§ **Work task**: A verbatim copy of the data is wanted, minus any picture in it.

§ **Dataset excerpt**:
--------

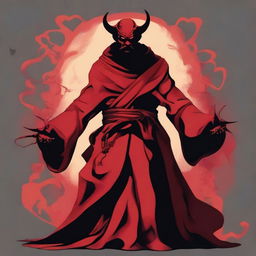 A red barbed devil shadow monk with a Mexican mustache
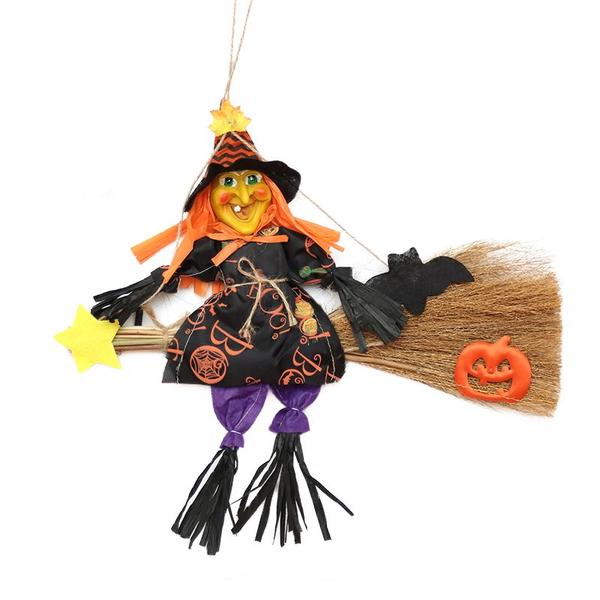 Imagem de Halloween Hanging Broom Scarecrow, Girl Witch Bar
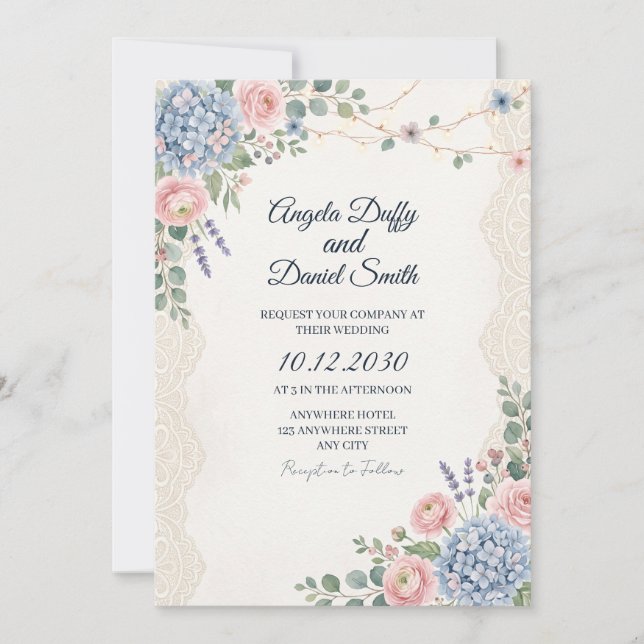 Invitation Mariage Floral Fleur Sauvage Pastel (Devant)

--------

§ **Exercise answer**:
 A red barbed devil shadow monk with a Mexican mustache
 Imagem de Halloween Hanging Broom Scarecrow, Girl Witch Bar
 Invitation Mariage Floral Fleur Sauvage Pastel (Devant)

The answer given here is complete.